_INSTRUCTIONS TO FOLLOW_
I would like the lines below, from the one with "in Simple Words" through the one with "The Last Seance, Agatha Christie", copied exactly and without any pictures.

_RECORDS PROVIDED_
☆ ☆ ☆

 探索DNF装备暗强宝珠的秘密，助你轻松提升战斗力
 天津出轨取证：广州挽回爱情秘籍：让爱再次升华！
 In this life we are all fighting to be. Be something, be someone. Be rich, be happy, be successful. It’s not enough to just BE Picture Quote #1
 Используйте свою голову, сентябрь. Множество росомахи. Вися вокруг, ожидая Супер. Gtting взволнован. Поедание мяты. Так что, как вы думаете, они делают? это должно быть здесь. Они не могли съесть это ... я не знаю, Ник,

☆ ☆ ☆

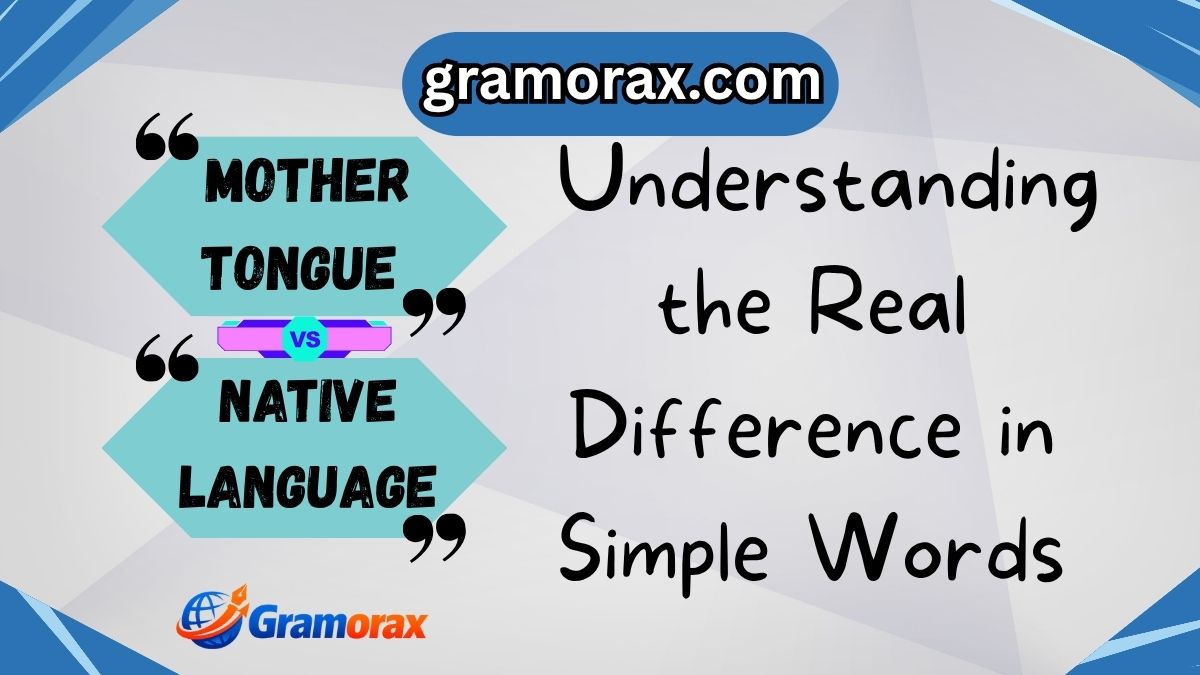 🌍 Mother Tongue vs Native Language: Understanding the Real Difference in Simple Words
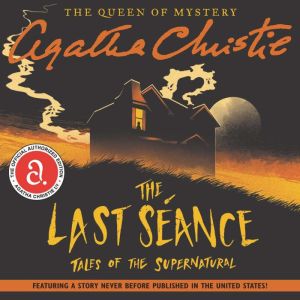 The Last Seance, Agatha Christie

☆ ☆ ☆

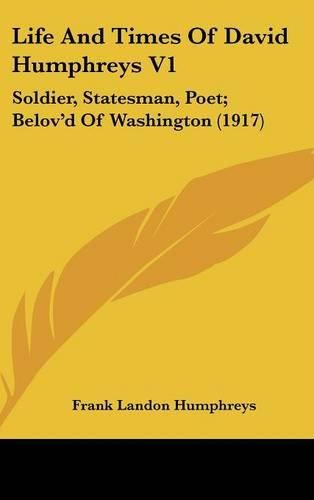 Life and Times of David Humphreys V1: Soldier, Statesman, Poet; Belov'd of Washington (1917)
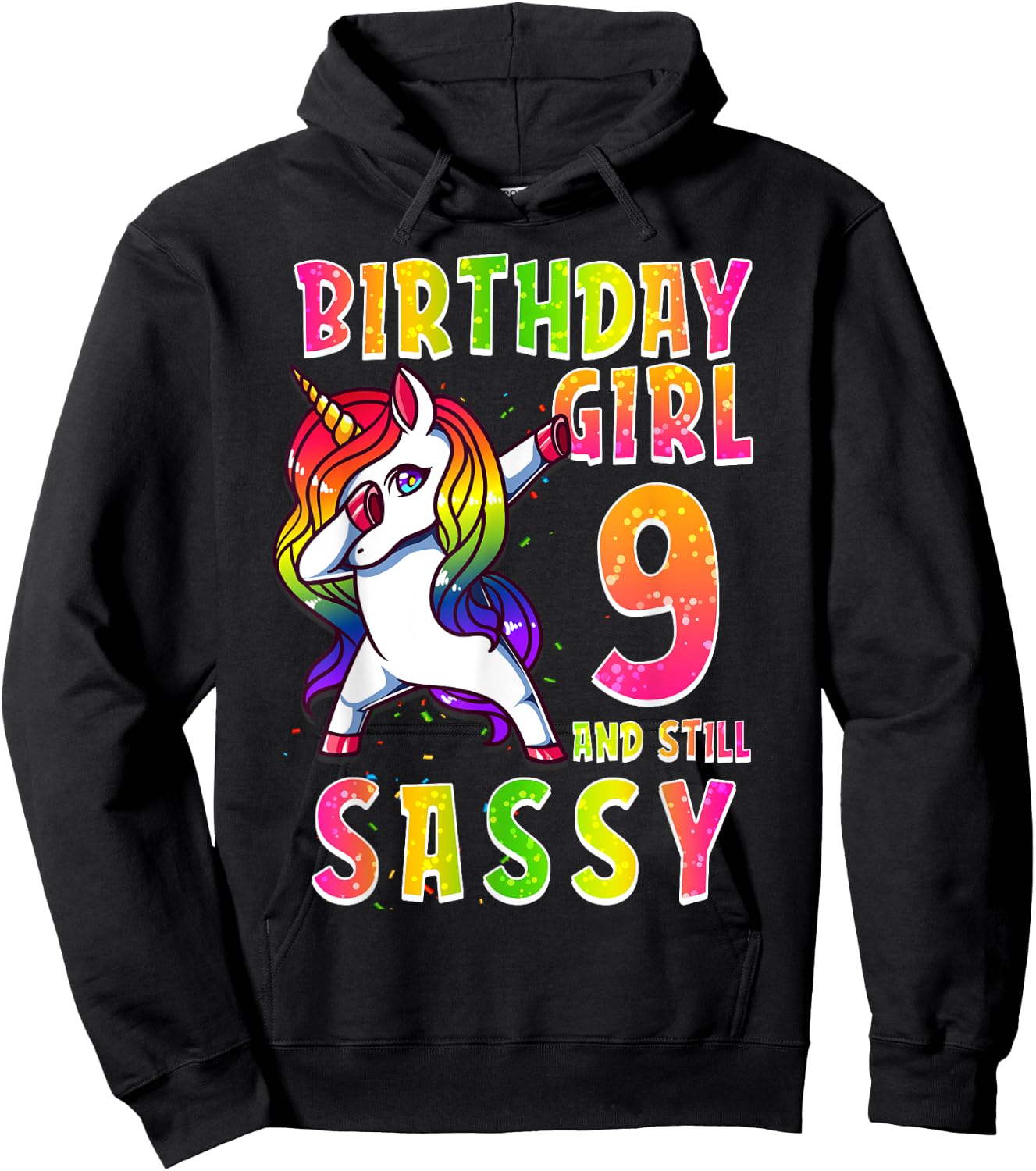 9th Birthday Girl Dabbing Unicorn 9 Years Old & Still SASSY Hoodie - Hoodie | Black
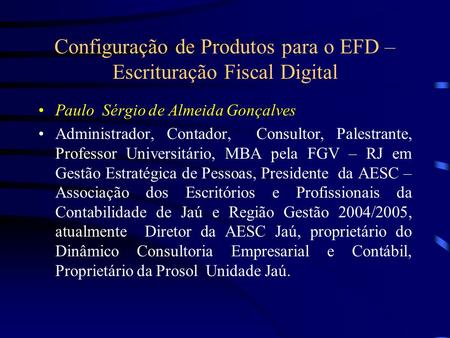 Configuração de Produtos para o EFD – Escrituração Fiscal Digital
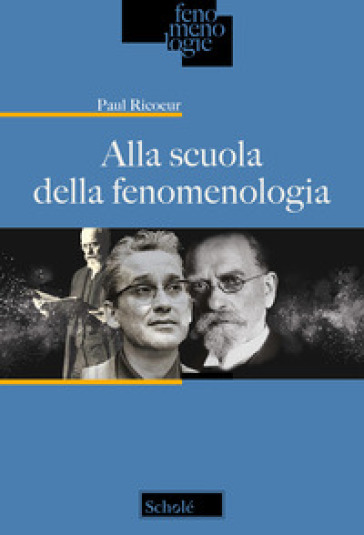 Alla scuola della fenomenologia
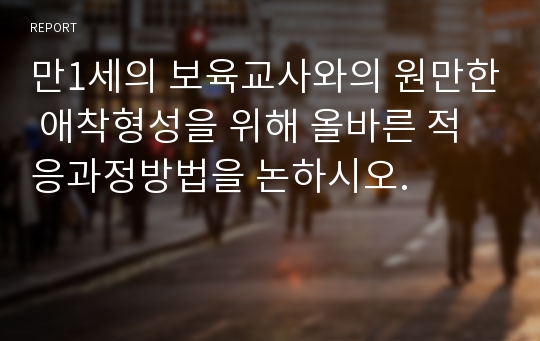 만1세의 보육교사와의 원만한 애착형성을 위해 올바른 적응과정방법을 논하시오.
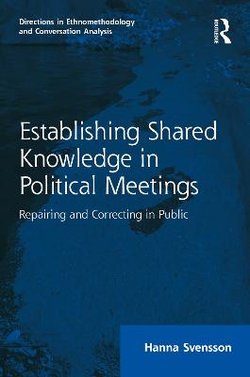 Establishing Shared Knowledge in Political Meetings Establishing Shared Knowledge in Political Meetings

☆ ☆ ☆

_EXERCISE RESPONSE_
 🌍 Mother Tongue vs Native Language: Understanding the Real Difference in Simple Words
 The Last Seance, Agatha Christie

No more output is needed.